The housing package, by contrast, has wide cross-bench appeal. Build Canada Homes has already approved more than 10,000 units across the country since September, and another tranche of approvals tied to Ottawa, announced by Carney on April 23 in his own riding of Nepean, has put the federal-municipal model into the policy mainstream.
Provincial responses
Quebec Premier Christine Fréchette, whose CAQ government took office on April 12 after she won her party's leadership race, congratulated Carney but flagged areas of disagreement on immigration thresholds and language file enforcement. Fréchette is preparing for a Quebec general election later this year and is expected to use the federal majority as a foil to define her own platform.
Ontario Premier Doug Ford was warmer in his response, citing the housing-tax partnership his government signed with Ottawa on March 30 as evidence that the two governments can work together when their political incentives align. Alberta Premier Danielle Smith, who has been navigating a separation petition and a court challenge over Indigenous treaty consultation, was more cautious. Her statement focused on the need for the federal government to respect provincial jurisdiction on energy and resource projects.
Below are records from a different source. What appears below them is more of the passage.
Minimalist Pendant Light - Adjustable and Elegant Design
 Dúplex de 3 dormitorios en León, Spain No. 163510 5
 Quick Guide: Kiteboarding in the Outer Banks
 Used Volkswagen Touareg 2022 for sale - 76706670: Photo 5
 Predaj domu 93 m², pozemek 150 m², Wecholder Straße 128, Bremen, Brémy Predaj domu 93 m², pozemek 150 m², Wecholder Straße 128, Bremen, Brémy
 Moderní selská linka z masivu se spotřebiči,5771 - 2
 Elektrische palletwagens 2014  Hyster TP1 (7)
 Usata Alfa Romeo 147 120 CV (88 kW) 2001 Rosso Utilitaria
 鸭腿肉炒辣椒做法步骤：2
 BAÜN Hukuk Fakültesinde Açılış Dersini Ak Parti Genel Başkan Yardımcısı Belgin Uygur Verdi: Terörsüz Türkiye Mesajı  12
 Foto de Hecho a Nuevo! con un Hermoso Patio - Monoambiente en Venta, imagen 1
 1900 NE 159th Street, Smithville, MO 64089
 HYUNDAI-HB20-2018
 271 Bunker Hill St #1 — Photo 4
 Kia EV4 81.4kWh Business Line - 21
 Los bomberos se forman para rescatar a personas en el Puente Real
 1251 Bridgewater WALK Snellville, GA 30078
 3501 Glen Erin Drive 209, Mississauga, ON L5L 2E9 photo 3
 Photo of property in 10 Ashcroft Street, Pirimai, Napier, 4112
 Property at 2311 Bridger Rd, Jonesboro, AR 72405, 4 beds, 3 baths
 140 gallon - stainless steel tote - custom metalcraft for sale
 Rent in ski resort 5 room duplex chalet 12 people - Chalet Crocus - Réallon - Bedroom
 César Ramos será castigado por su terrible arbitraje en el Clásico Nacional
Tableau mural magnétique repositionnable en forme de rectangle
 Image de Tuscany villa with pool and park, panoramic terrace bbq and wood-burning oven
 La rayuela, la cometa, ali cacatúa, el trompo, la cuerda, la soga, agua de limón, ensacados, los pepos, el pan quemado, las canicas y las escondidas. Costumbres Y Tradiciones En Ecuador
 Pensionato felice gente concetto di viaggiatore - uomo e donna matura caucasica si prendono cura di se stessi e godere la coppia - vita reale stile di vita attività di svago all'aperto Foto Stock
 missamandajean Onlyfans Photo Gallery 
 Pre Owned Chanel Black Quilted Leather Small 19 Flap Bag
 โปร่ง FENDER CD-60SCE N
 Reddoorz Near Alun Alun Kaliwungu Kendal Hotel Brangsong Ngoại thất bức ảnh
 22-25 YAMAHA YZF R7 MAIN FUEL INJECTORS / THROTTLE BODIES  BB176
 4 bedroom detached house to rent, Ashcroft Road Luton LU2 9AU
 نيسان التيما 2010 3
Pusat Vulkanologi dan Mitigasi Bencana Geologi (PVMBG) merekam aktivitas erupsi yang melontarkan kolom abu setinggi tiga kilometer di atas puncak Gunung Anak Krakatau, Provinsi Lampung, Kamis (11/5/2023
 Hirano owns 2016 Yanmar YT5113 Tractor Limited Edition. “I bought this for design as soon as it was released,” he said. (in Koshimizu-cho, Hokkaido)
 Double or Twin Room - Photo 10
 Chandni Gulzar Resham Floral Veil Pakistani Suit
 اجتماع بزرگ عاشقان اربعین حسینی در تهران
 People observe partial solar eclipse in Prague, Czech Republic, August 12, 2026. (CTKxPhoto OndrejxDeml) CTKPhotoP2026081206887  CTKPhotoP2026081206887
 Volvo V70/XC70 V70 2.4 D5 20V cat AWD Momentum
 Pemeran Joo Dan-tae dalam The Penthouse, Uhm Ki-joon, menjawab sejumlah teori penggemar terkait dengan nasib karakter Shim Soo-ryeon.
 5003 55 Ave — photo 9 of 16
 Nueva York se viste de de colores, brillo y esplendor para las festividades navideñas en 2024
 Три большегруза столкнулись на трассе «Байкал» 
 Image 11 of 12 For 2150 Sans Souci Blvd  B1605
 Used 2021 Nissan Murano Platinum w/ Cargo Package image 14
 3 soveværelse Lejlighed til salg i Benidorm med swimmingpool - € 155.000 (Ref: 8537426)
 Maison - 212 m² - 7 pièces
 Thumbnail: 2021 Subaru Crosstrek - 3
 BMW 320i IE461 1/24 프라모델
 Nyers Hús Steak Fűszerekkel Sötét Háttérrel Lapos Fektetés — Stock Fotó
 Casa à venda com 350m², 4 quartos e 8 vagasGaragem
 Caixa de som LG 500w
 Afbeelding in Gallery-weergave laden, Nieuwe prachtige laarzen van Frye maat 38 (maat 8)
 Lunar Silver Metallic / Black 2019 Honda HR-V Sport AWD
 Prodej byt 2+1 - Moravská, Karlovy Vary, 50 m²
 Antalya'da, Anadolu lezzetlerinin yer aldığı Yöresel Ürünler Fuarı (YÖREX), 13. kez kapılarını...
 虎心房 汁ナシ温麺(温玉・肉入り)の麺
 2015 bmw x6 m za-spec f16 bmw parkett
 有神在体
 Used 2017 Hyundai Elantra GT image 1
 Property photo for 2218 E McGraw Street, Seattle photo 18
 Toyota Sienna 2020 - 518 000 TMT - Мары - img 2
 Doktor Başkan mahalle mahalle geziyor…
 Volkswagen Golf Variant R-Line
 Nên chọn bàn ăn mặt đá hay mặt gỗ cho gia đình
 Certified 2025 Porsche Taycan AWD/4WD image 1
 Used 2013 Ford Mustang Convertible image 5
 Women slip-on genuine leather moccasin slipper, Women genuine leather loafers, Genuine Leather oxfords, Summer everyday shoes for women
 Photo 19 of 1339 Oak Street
What it means for the trade file
Carney's strongest argument for needing a majority has always been the Canada-U.S. trade relationship. The CUSMA review formally begins this year, and the prime minister told Fortune in an interview earlier this month that strong U.S. economic ties have become "a weakness that must be fixed." His government has launched a 24-member advisory committee on Canada-U.S. economic relations chaired by Dominic LeBlanc, which is set to hold its first meeting on April 27.
A majority government gives the prime minister room to make politically difficult trade-offs in those negotiations without worrying that any single concession will trigger a confidence vote. It also means Canada can move on its own counter-tariff and procurement decisions without the kind of prolonged debate that has slowed previous trade-policy responses.
What's next
The Bank of Canada releases its next interest-rate decision on April 29, and the federal government is expected to use the days immediately afterward to lay out a fuller economic message. A spring fiscal update has not been formally scheduled, but officials say one is possible before the summer recess if the trade outlook deteriorates.
Beyond economic policy, Carney's office has signalled that defence spending and a long-promised national infrastructure pipeline will be the next files to receive sustained attention. Canada hit the NATO 2 per cent of GDP defence target during the 2025-26 fiscal year, and the prime minister has committed to reaching the alliance's new 5 per cent pledge by 2035, a path that will require sustained budget choices well beyond the current Parliament.
For now, the most immediate change is procedural. The legislative pipeline that had been clogged by minority arithmetic is starting to clear, and the Liberals have until the summer recess to demonstrate that majority governance produces visible policy results.